GT: How does France view the role of government in resolving or lessening disparity between the haves and have-nots?

Laffitte: Well, we think that the role of cities, of regional and local authorities and of government [is to] help. France thinks that experiments should be done by private enterprise or by an association or foundations.

GT: Do you see the French approach as different from the United States' approach to this issue?

Laffitte: Not really. Maybe the French government has a tradition of being more directly involved. The funding from the government may be higher than here, where the states and the local governor have more powerful direct contact.

Generally, the type of approach is not very different, in my opinion. What is more different is our approach on the health-care system. We are now beginning to develop the national health-care system using smart cards.

In France, the smart-card system is very effective. This smart card could be like a dictionary of health, and would be protected. Only doctors could have access to it. This type of system could help doctors see if other things have been done before, and what shouldn't be done again, and so on. It would help diminish the cost of social security and reduce red tape. This is now an experiment in different regions, and it will be expanded.

GT: What is France's approach to privacy?

Laffitte: We have a special national organization, Le Commission Nationale Informatique, which enforces a law prohibiting using personal information in a different system. Any time information has something to do with privacy, the people of the commission become very keen about this law.

GT: When was this law created?

Laffitte: Five or six years ago.

GT: What precipitated the law? Were there privacy violations or problems?

Laffitte: It was a problem when people thought, for instance, that one file could be crossed with another and it could be used by people who wanted to hire them. That's why it was done.

GT: How is it working?

Laffitte: It's working quite well. The only problem is that this commission sometimes goes too far. Sometimes the crossing of files is very useful for everybody, like for national insurance or social security. It depends on why you want to cross, and sometimes the commission is reluctant to do any crossing, even if there is no problem with privacy.

GT: How has the French Parliament been dealing with the Information Age?

Laffitte: In my opinion, the members of the French Parliament right now do not realize the importance of the Information Age and how rapidly we have changed habits. I think that many of the measures taken by the French Parliament to try to diminish unemployment, for instance, have been very passive and not very productive. And for the same amount of money they could have developed new content for the information infrastructure.

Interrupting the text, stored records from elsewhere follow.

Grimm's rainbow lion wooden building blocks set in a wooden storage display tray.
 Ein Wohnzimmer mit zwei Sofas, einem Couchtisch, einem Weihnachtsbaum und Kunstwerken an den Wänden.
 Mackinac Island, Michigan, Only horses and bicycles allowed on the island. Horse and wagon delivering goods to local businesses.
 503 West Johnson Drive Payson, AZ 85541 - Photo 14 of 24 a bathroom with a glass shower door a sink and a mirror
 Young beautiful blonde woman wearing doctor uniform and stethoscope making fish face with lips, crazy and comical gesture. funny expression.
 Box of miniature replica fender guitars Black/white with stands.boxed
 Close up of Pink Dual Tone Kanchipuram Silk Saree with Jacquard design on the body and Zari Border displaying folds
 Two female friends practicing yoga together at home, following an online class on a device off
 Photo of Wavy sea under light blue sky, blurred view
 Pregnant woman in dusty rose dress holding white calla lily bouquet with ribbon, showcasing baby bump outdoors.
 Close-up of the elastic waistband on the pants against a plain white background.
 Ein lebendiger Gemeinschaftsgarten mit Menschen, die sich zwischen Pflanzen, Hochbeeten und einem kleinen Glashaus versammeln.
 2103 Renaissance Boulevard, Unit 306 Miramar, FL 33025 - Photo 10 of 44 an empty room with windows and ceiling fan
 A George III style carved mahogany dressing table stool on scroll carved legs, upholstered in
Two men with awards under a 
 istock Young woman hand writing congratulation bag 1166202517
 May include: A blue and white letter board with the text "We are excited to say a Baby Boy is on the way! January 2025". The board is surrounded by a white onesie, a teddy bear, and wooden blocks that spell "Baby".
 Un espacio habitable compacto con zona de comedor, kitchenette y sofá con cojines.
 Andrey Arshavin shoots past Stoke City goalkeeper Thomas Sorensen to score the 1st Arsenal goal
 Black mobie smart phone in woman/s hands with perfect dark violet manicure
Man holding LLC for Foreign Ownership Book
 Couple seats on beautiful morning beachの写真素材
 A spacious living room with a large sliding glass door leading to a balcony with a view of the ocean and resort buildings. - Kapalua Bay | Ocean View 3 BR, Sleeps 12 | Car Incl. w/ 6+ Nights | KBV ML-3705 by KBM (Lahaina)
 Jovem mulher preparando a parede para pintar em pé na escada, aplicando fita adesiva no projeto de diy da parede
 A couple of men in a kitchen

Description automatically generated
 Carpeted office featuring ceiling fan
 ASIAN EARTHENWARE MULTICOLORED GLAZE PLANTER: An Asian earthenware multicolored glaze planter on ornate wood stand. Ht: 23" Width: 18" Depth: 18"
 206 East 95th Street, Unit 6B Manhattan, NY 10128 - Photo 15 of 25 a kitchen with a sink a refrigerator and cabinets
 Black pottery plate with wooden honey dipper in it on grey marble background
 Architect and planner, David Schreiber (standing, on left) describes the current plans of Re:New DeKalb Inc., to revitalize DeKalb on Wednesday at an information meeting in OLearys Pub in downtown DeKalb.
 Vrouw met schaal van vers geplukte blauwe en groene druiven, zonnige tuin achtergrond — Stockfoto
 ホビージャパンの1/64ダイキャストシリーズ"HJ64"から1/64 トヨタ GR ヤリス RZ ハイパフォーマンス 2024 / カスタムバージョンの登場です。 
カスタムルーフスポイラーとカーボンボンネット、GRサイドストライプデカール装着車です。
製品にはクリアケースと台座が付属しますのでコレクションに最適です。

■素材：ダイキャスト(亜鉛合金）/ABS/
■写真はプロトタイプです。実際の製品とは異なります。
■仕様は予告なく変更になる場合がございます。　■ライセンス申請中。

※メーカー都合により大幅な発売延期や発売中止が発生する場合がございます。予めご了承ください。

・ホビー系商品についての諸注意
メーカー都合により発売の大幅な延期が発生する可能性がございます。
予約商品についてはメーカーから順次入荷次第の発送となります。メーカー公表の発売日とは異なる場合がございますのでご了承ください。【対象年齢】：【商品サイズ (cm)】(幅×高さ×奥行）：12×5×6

The content is not at the same level as the current capacity, or up to what users want. We should focus on these two parts, because the driving force is the international economy.

In France, the users are much more prepared because of Minitel. The focus should be more on the development of skills by the users and the development of specific skills by the people who develop content.

We developed connections through a club called Multimedia Interactivity of Sophia Antipolis in order to bring service providers, people who should know quite well about technology, together with potential [users]. For instance, I have a group which is for health care, another group for communities and another group for artists. Another group is for architects, where we try to find out how architects could have a better use, and so on.

It gives way to better projects being developed here, which use existing and sometimes new technology. That's the type of program that should be aided by the government.

GT: Could you tell us about your latest Mediterranean project?

Laffitte: The project is called Medsat, and unites countries from Israel, Germany, Egypt to Turkey, to Tunisia and so on. We want to have a dedicated satellite with maybe 200 different channels to develop information highways dedicated to continuous education, initial education, and specific fields like how to farm when water is scarce.

We also want to work on health-care programs, culture and tourism, and problems connected with democracy, including how to have a direct link between citizens and a city government department, and so on. The process would be the same for the users and the service providers -- we will mix them.

We have already begun continuing and remote education, and we will have a second meeting about architecture. A common way of thinking is that a whole Greek architecture, or Spanish architecture, can be connected. It's a program that is not only social, but intended to develop a new international culture which would be possible with cultural intermixing.

I think this project is specifically important because of international politics. The Mediterranean is a difficult region of the world, and you have 500 million people, some of them are very poor, some of them are richer, and it creates many tensions. This type of activity could also break the tension with exactly the same process within a country or within a city. It could be very important.

GT: Is this a government project?

Laffitte: No, it's a private project with different organizations. I have a very good contact with a grouping of different universities in Italy. I am in contact with people from Berlin. I have a contact with the city of Barcelona. It will be international and based in the south of France in Sophia Antipolis, [the high-tech manufacturing center] which I developed 35 years ago.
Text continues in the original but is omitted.